The slump was the symptom

Judge had 10 hits in his previous 53 at-bats, his average sliding from .273 to .248, with one home run across the final three weeks of May.

At the time it looked like a cold streak from a hitter who runs hot and cold by his own absurd standards. It was a fractured rib quietly draining the power and bat speed that make him the best hitter alive. The diagnosis reframes the entire stretch. He was not slumping. He was hurt and still playing.

What it does to the Yankees

This is the kind of injury that defines a season. The Yankees got a preview against Cleveland, dropping two of three with Jose Caballero and Max Schuemann filling the corner, and the lineup looked exactly like what it is without a generational bat in the middle of it.

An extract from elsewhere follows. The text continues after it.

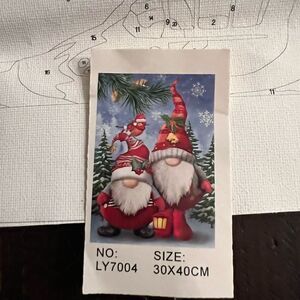 Elves Paint by Number Kit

New York entered the year built to win the AL East, and the division does not pause for them. A healthy Tampa Bay is right there, and the schedule does not soften.

The path forward runs through whoever steps up, with Giancarlo Stanton’s own return suddenly carrying more weight and the front office likely to start scanning the trade market earlier than planned. The Yankees can survive six weeks without Aaron Judge. Whether they can hold their position in the AL East while doing it is the question that just took over their season.